EXERCISE REQUIREMENTS: Could you give the listing again exactly, without its pictures?

GIVEN MATERIAL:
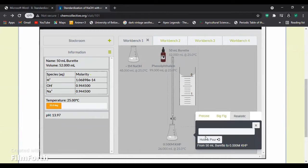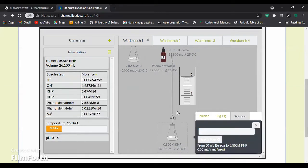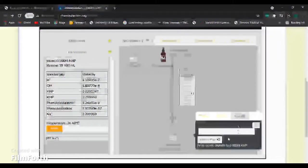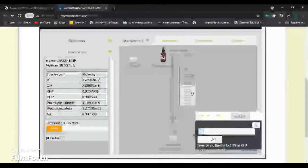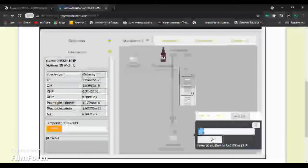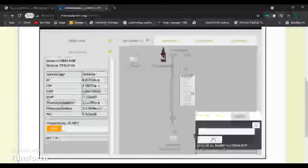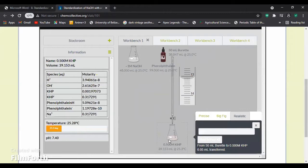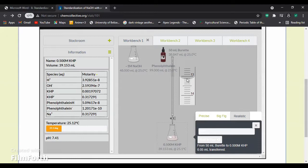We will pour until we see a color change in the solution. Now we can notice that a slight decoloration in the solution has occurred, so that means that titration has occurred. So now we will proceed to record the volume, which was 13.1.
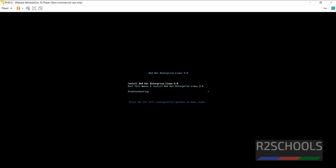Use up and down arrows and select the type of installation. I am going to select Install Red Hat Enterprise Linux 9.0. Press Enter.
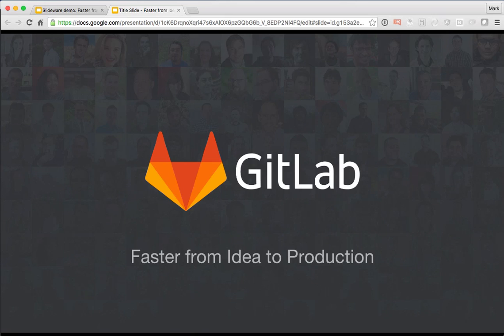Hi there. Today I'd like to demo some of the power of GitLab's integrated set of tools for the software development lifecycle, helping you get from idea to production as quickly as possible.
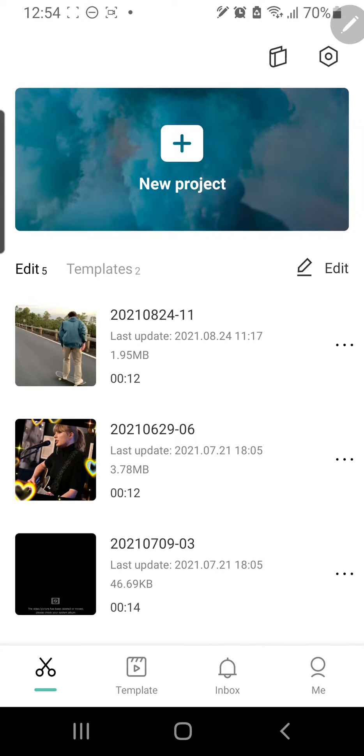Hey guys, and welcome back to the Tutorial Millennial channel. In this video, I am going to show you how you can trim a video on CapCut.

WRITTEN SOLUTION:
We will pour until we see a color change in the solution. Now we can notice that a slight decoloration in the solution has occurred, so that means that titration has occurred. So now we will proceed to record the volume, which was 13.1.
Use up and down arrows and select the type of installation. I am going to select Install Red Hat Enterprise Linux 9.0. Press Enter.
Hi there. Today I'd like to demo some of the power of GitLab's integrated set of tools for the software development lifecycle, helping you get from idea to production as quickly as possible.
Hey guys, and welcome back to the Tutorial Millennial channel. In this video, I am going to show you how you can trim a video on CapCut.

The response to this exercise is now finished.